## SOURCE INFORMATION
◆ ◆ ◆

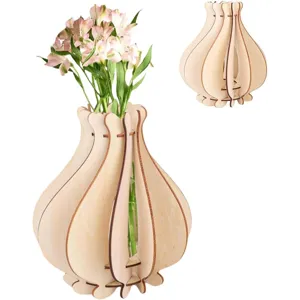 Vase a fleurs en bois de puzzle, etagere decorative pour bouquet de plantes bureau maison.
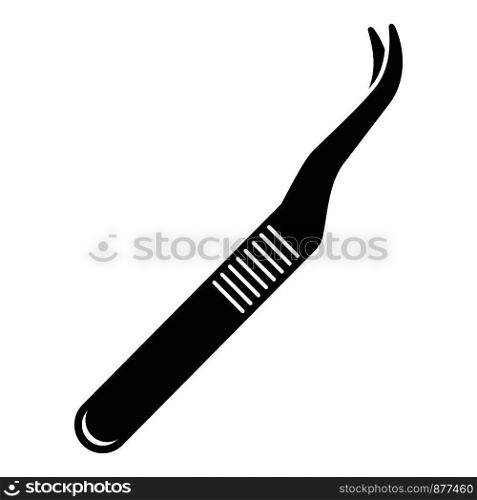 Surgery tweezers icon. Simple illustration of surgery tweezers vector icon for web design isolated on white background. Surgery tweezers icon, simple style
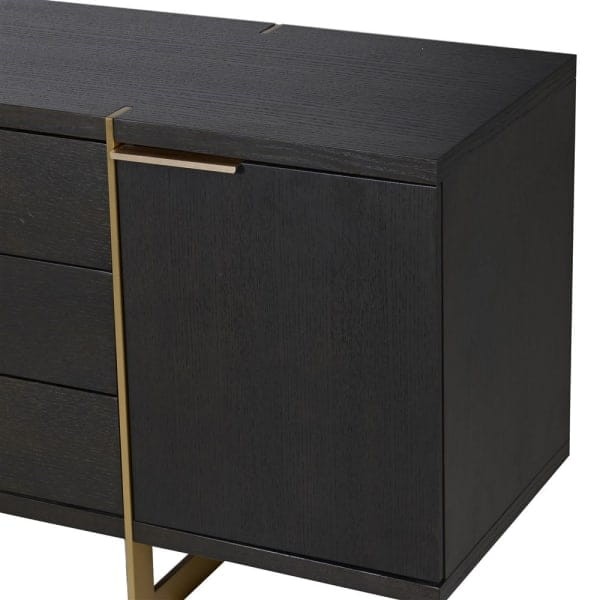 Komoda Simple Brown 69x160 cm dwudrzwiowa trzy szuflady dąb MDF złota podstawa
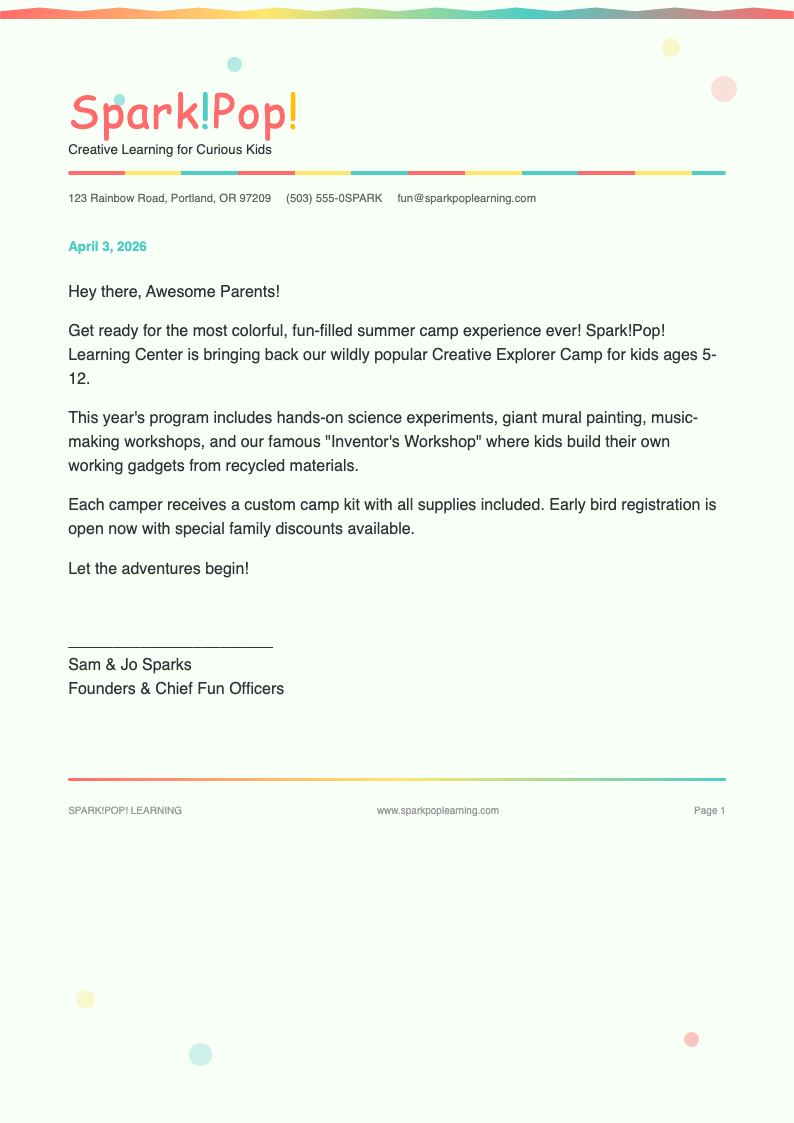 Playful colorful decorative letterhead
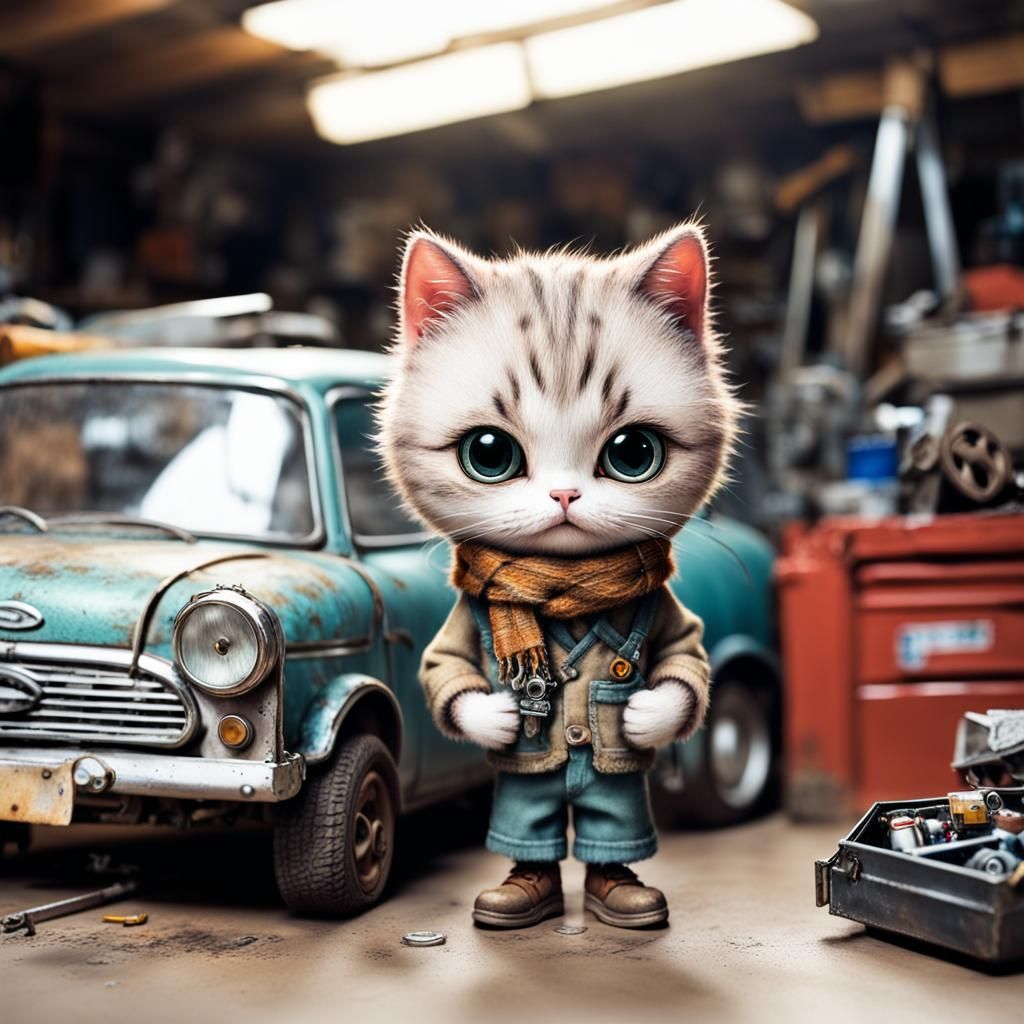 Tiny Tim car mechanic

◆ ◆ ◆

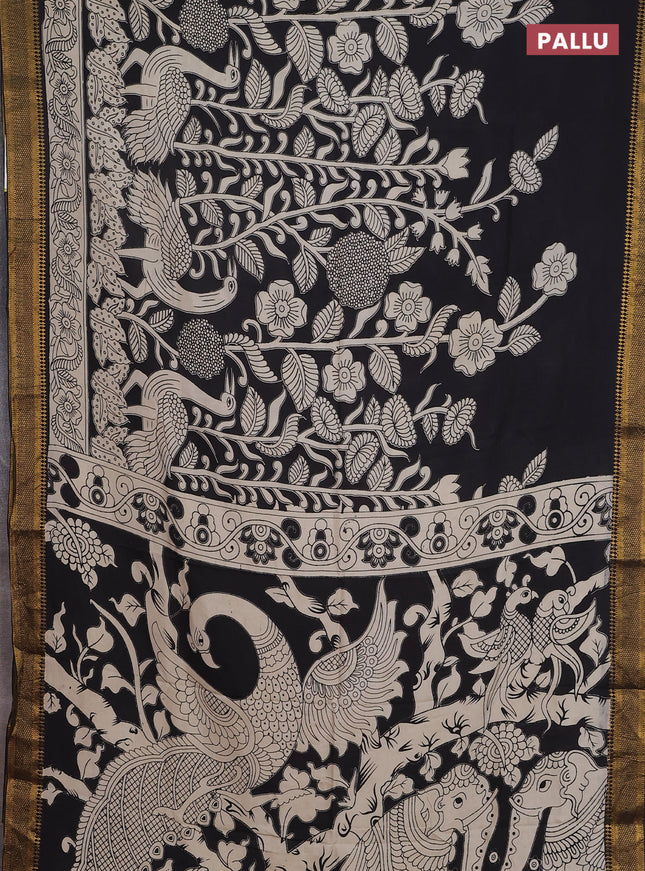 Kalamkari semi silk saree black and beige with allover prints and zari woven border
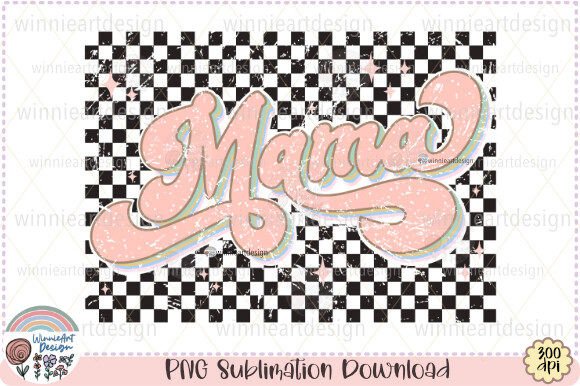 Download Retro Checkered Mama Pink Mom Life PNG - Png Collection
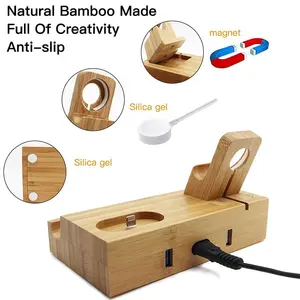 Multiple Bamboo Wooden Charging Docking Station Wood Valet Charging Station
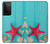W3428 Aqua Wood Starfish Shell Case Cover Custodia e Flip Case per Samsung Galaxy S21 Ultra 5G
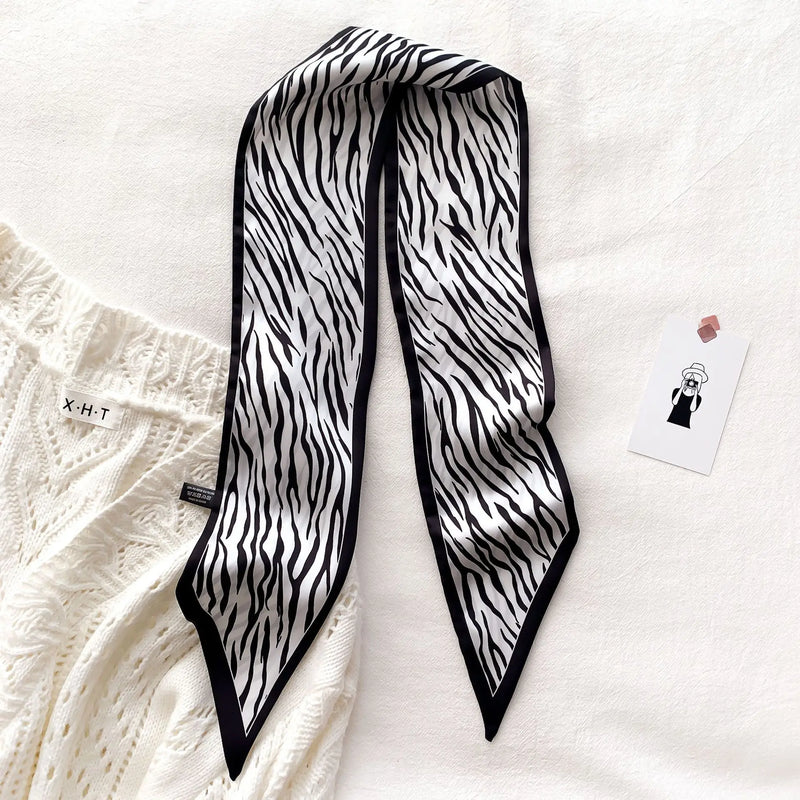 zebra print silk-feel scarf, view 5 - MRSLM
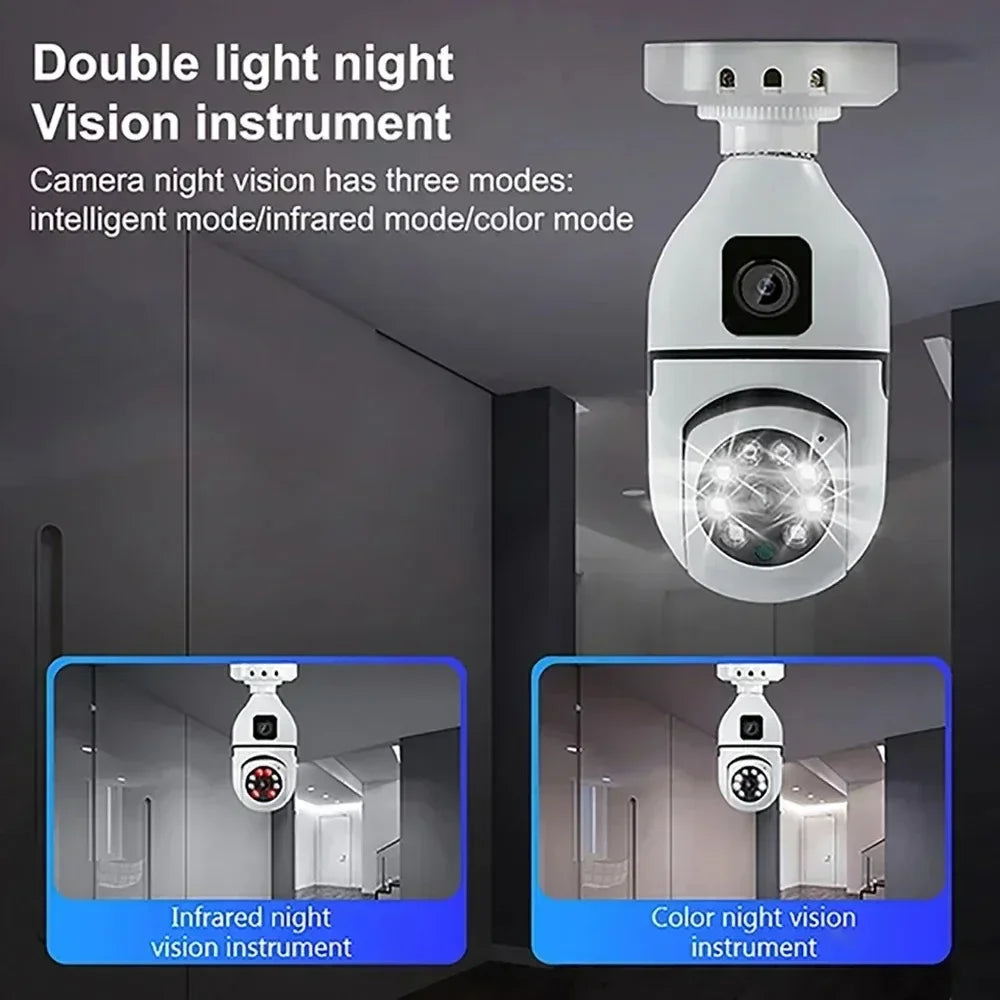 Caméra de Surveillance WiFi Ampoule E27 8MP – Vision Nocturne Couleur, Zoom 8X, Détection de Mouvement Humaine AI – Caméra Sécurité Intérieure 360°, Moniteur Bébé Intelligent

◆ ◆ ◆

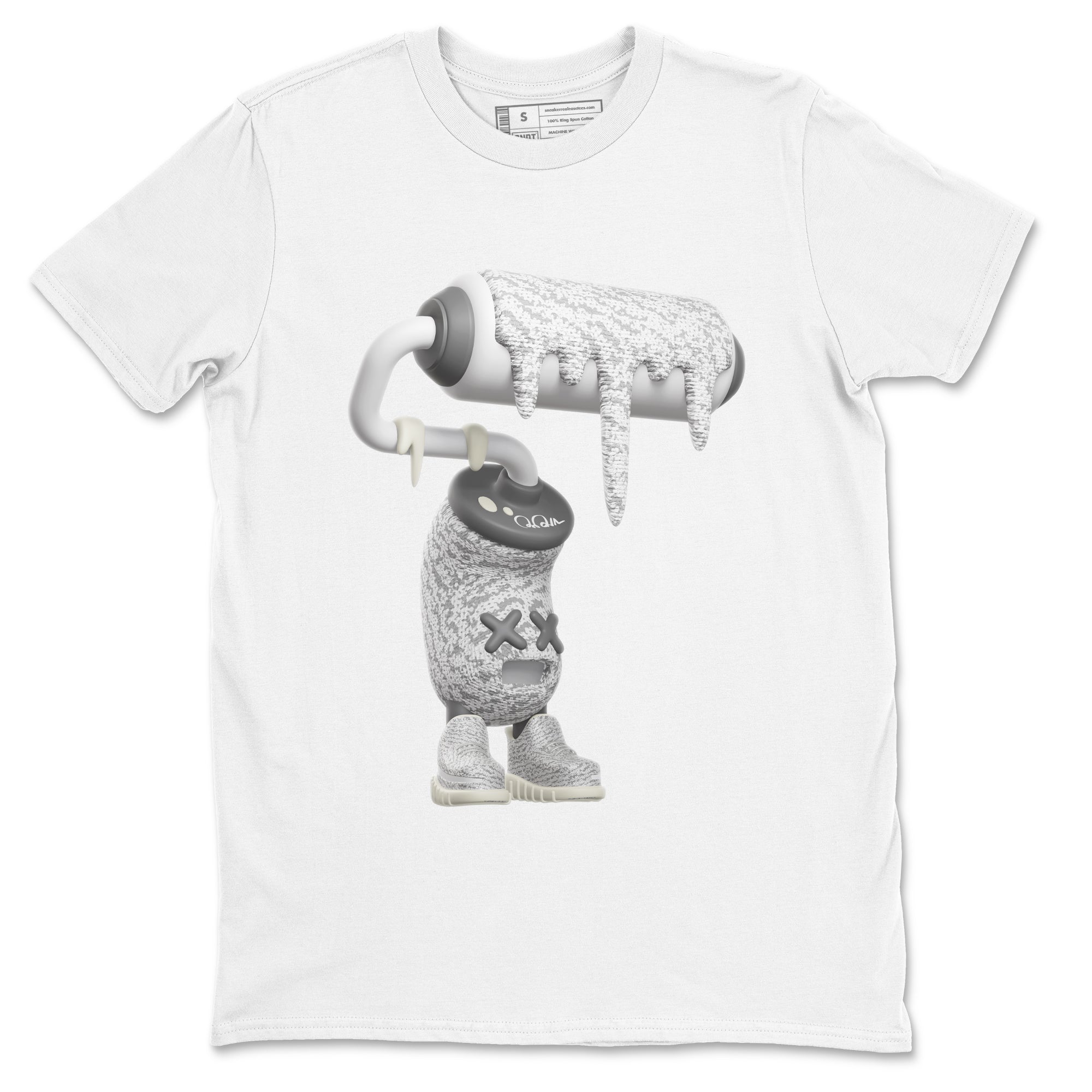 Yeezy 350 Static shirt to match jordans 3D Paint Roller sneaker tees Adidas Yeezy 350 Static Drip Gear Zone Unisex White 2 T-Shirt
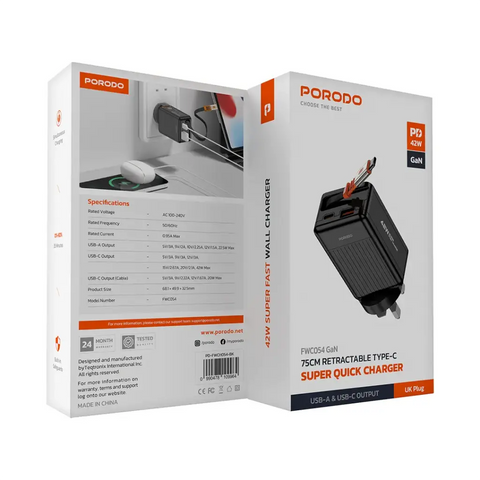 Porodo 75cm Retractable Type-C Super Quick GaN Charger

◆ ◆ ◆

## YOUR INSTRUCTIONS
Only one part of the listing is wanted: the lines from the one containing "Vase a fleurs" through the one containing "Tiny Tim car mechanic", both included. Please transcribe it exactly, leaving out the pictures.

## SOLUTION TO THIS EXERCISE
 Vase a fleurs en bois de puzzle, etagere decorative pour bouquet de plantes bureau maison.
 Surgery tweezers icon. Simple illustration of surgery tweezers vector icon for web design isolated on white background. Surgery tweezers icon, simple style
 Komoda Simple Brown 69x160 cm dwudrzwiowa trzy szuflady dąb MDF złota podstawa
 Playful colorful decorative letterhead
 Tiny Tim car mechanic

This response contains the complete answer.